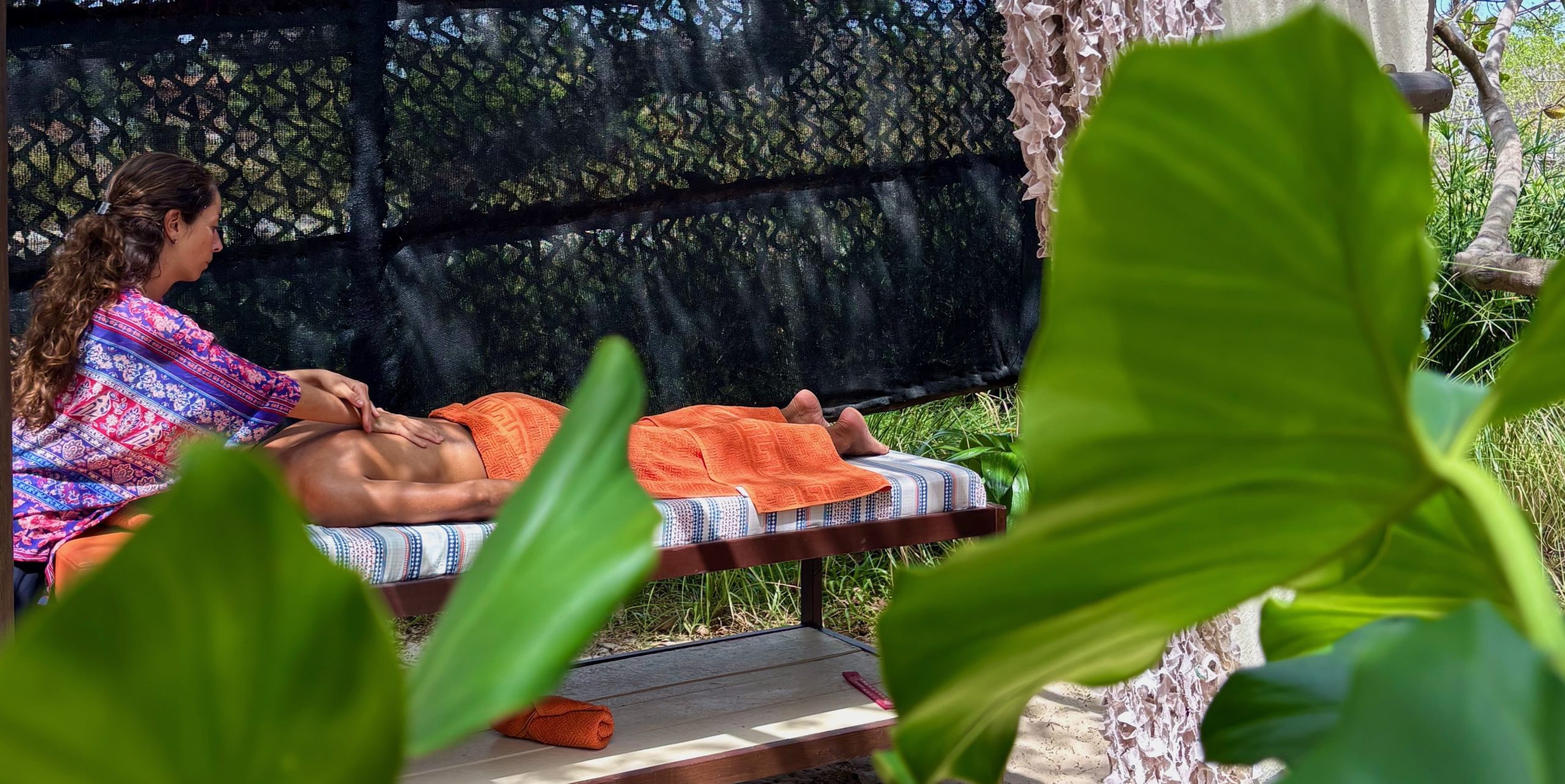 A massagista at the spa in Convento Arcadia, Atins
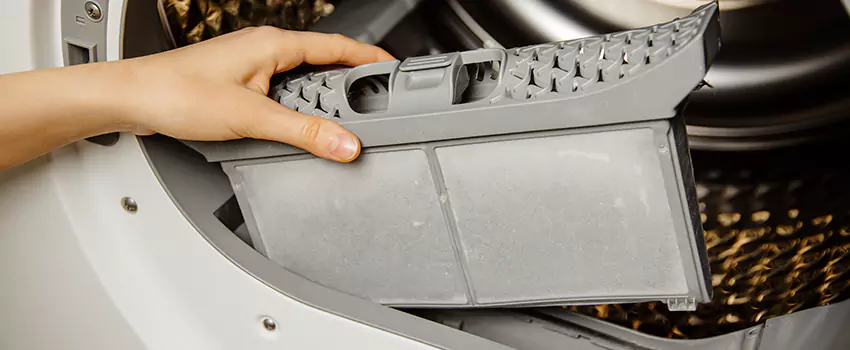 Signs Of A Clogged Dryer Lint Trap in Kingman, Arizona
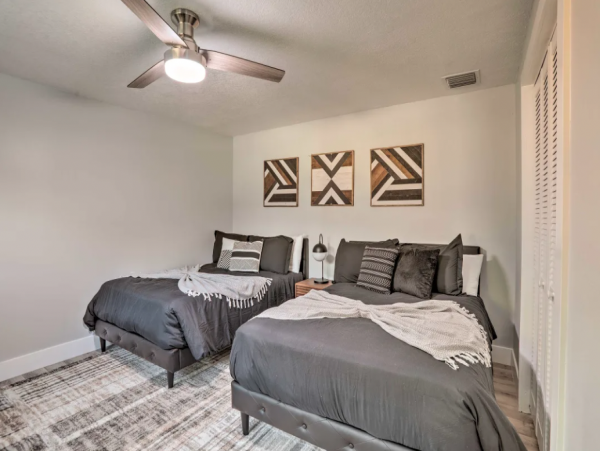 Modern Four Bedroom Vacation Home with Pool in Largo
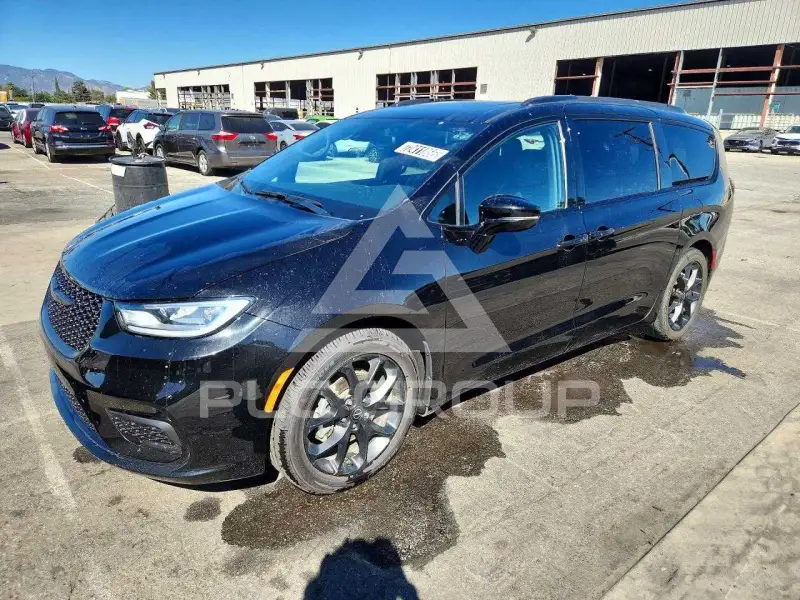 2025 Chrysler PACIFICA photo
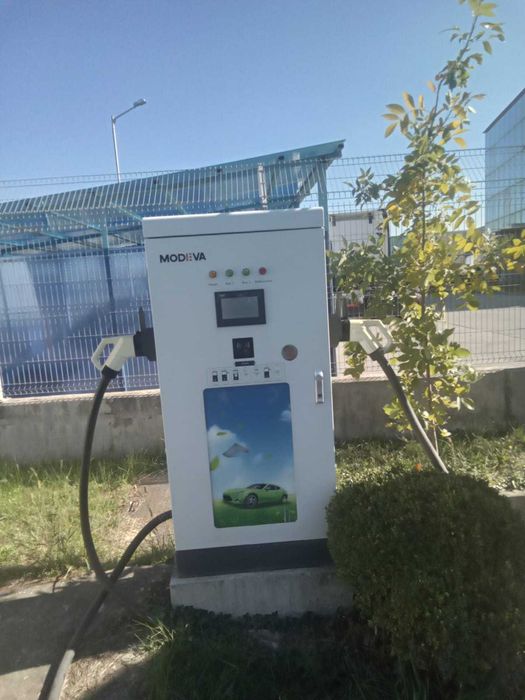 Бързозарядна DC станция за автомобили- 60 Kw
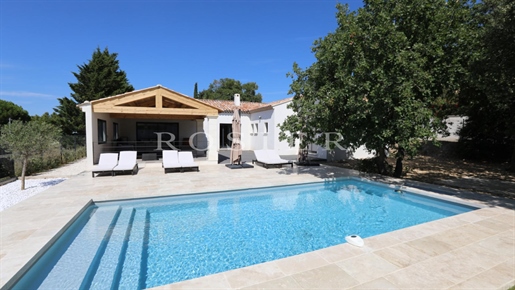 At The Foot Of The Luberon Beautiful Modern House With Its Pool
# # # # # # #
Return, exactly as they appear, the lines from the line containing "Signs Of A Clogged" through the end of the records above, both ends included, without pictures.

 Signs Of A Clogged Dryer Lint Trap in Kingman, Arizona
 Modern Four Bedroom Vacation Home with Pool in Largo
 2025 Chrysler PACIFICA photo
 Бързозарядна DC станция за автомобили- 60 Kw
 At The Foot Of The Luberon Beautiful Modern House With Its Pool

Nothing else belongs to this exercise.